Remediation with Rustls (recommended)
Rustls does not support SSL 3.0 or CBC by default in secure configurations, but you should explicitly set cipher suites and versions to avoid accidental weak negotiation. Use rustls::ServerConfig with client authentication and a modern cipher list.
use actix_web::{web, App, HttpServer};
use rustls::{Certificate, PrivateKey, ServerConfig, protocols::ProtocolVersion};
use rustls::pki_types::{CertificateDer, PrivateKeyDer, UnixTime};r/>use std::sync::Arc;
async fn run_secure_mtls_rustls() -> std::io::Result<()> {
// Load server certificate and key
let cert_chain = vec![CertificateDer::from(include_bytes("../certs/server.crt").to_vec())];
let priv_key = PrivateKeyDer::Pkcs8(include_bytes("../certs/server.key").to_vec().into());
let cert_resolver = move |_sni: rustls::pki_types::ServerName| -> Option<Vec<CertificateDer>> {
Some(cert_chain.clone())
};
// Configure mTLS: require and validate client certificates
let mut server_config = ServerConfig::builder()
.with_safe_defaults()
.with_no_client_auth()
.with_client_cert_verifier(Arc::new(|_end_entity, _intermediates| {
// Implement custom validation as needed (e.g., verify cert against a trust store)
Ok(()
}));
// Explicitly set secure protocols and cipher suites (TLS 1.2+ with AEAD only)
server_config.versions = vec![ProtocolVersion::TLSv1_2, ProtocolVersion::TLSv1_3];
// rustls with safe_defaults already excludes SSL3 and CBC; optionally tighten further:
server_config.alpn_protocols = vec![b"h2".to_vec(), b"http/1.1".to_vec()];
let acceptor = TlsAcceptor::from(Arc::new(server_config));
HttpServer::new(move || {
App::new().route("/", web::get().to(|| async { "secure" }))
})
.bind_rustls("127.0.0.1:8443", acceptor)?
.run()
.await
}
Remediation with native-tls or openssl-based Actix (if required)
If you rely on native-tls or an OpenSSL-based acceptor, explicitly disable SSL 3.0 and restrict ciphers to modern suites. The following example uses native-tls with Actix-web to require client certs while disabling weak protocols.

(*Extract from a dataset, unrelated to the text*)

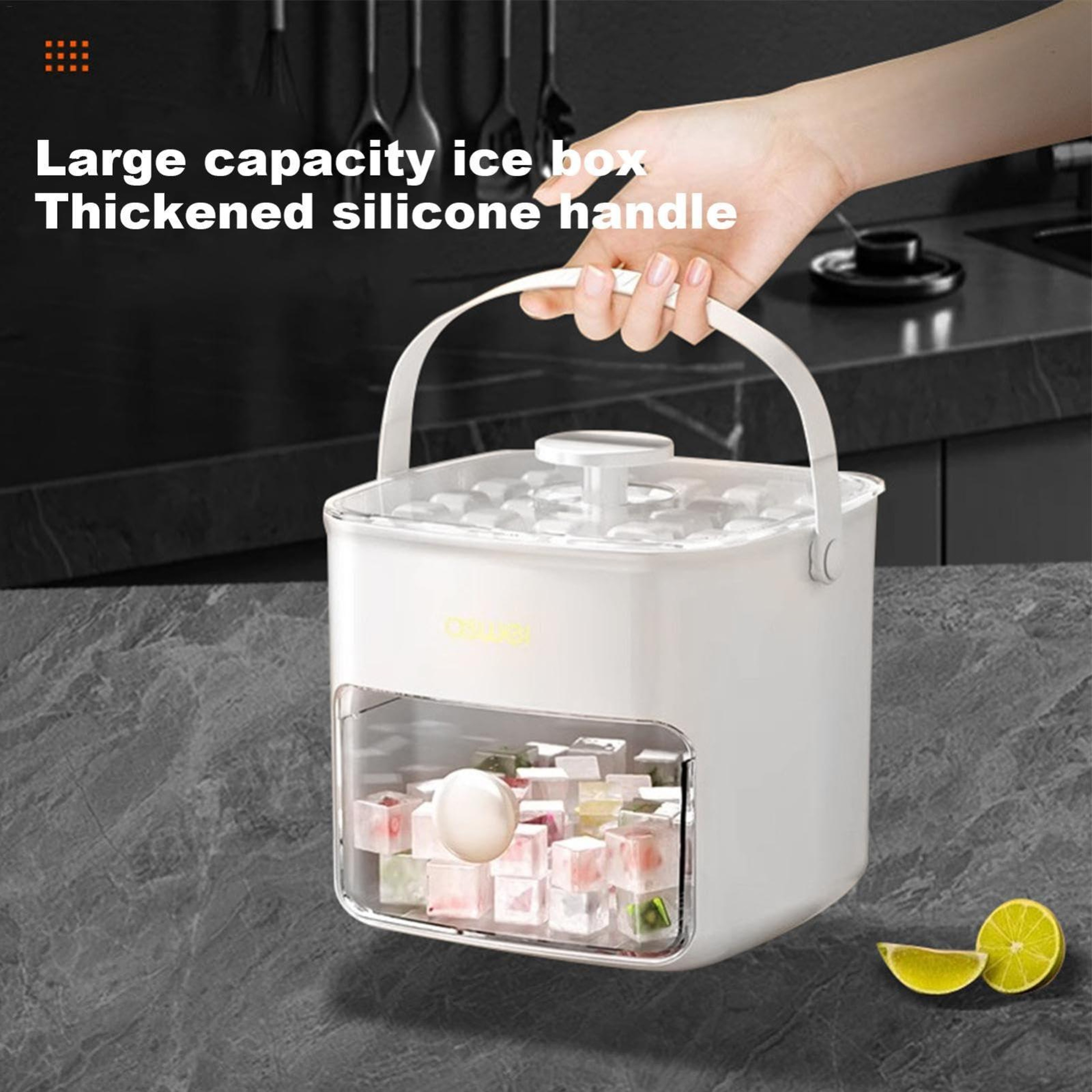 Double Layer Ice Cube Tray with Lid and Bin Easy Push Release Ice Maker – view 6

use actix_web::{web, App, HttpServer};
use native_tls::{TlsAcceptor, Identity};
use std::fs::File;
use std::io::BufReader;
use std::sync::Arc;
async fn run_secure_mtls_native() -> std::io::Result<()> {
// Identity (server cert + key)
let cert_file = "../certs/server.p12";
let mut identity_file = BufReader::new(File::open(cert_file)?);
let identity = Identity::from_pkcs12(&mut identity_file, "password")?;
// Configure TLS acceptor with mTLS and secure settings
let mut builder = native_tls::TlsAcceptor::builder(identity);
// Require client authentication
builder.client_auth(native_tls::ClientAuthMode::Require);
// Disable SSLv3 and TLSv1.0/1.1; native-tls typically defaults to TLS1.2+
builder.min_protocol_version(Some(native_tls::Protocol::Tlsv1_2));
// Optionally set cipher list to exclude CBC
builder.ciphers("TLS_AES_256_GCM_SHA384:TLS_CHACHA20_POLY1305_SHA256:TLS_AES_128_GCM_SHA256")?;
let acceptor = builder.build()?;
let tls_acceptor = Arc::new(acceptor);
HttpServer::new(move || {
App::new().route("/", web::get().to(|| async { "secure" }))
})
.bind_rustls("127.0.0.1:8443", tls_acceptor)?
.run()
.await
}
Key remediation steps summarized:
- Disable SSL 3.0 and TLS 1.0/1.1; enforce TLS 1.2 or 1.3.
- Remove CBC-based cipher suites; prefer AES-GCM and ChaCha20-Poly1305.
- Keep client certificate validation; ensure the trust store is tightly scoped.
- Test the configuration with tools that detect protocol/cipher downgrade attempts.